- _EXERCISE BRIEF_
Transcribe word for word the lines below from the line with "Mercedes-Benz GLC Class" through the line with "Miękinia, dom nr", ends included.

EXCERPTED RECORDS START

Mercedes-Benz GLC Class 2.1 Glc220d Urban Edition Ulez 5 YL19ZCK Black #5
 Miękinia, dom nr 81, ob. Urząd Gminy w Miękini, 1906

EXCERPTED RECORDS END
EXCERPTED RECORDS START

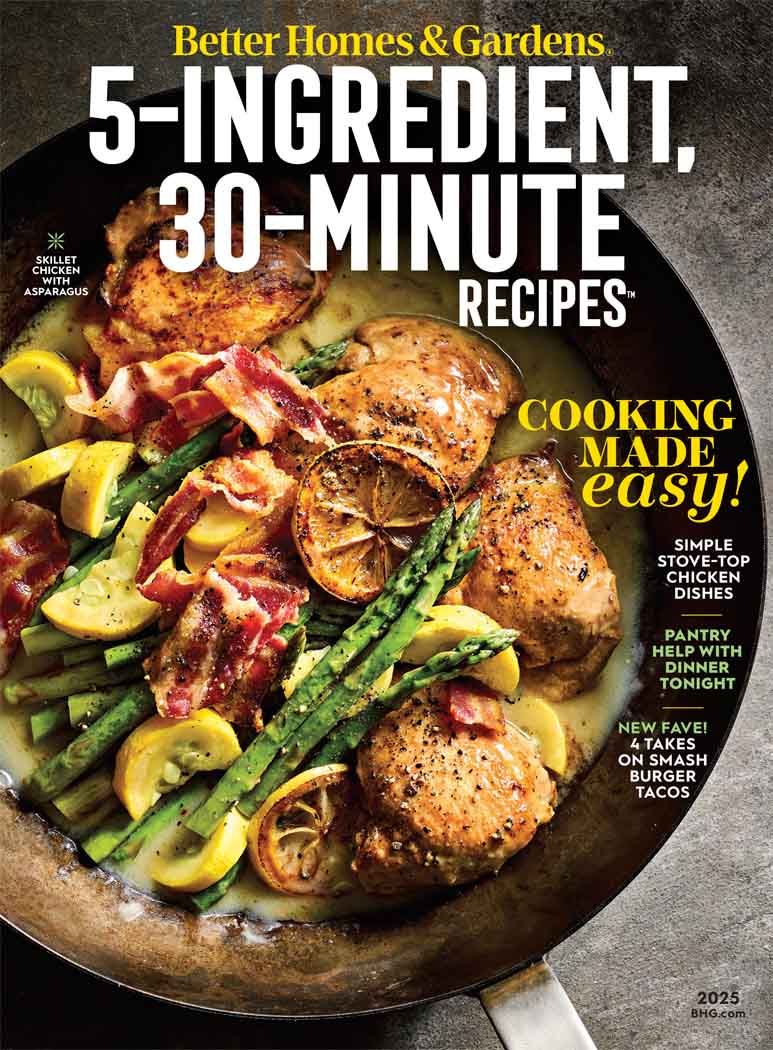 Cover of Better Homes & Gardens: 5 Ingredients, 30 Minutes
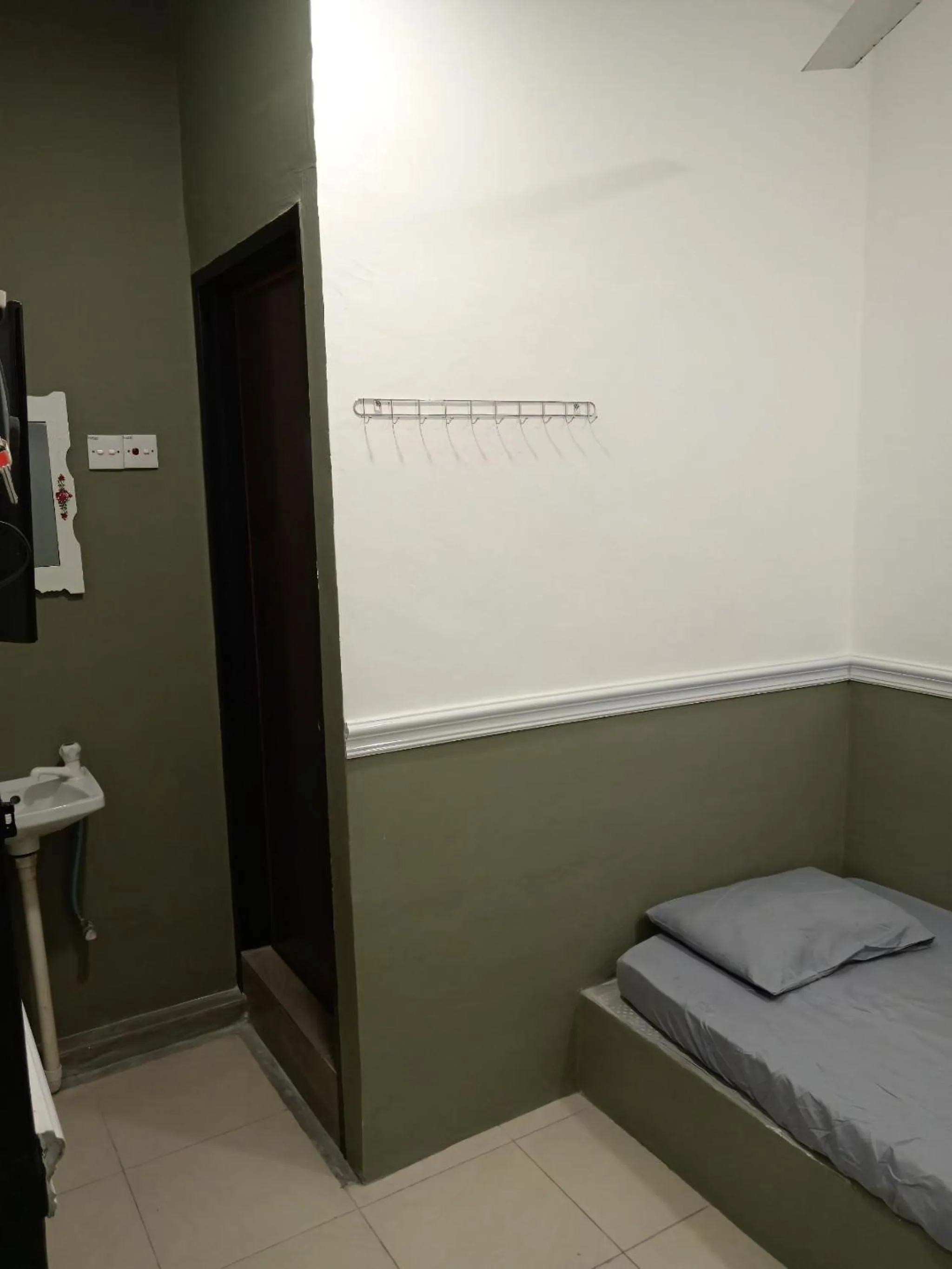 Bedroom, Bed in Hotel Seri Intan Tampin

EXCERPTED RECORDS END

- _ANSWER SECTION_
Mercedes-Benz GLC Class 2.1 Glc220d Urban Edition Ulez 5 YL19ZCK Black #5
 Miękinia, dom nr 81, ob. Urząd Gminy w Miękini, 1906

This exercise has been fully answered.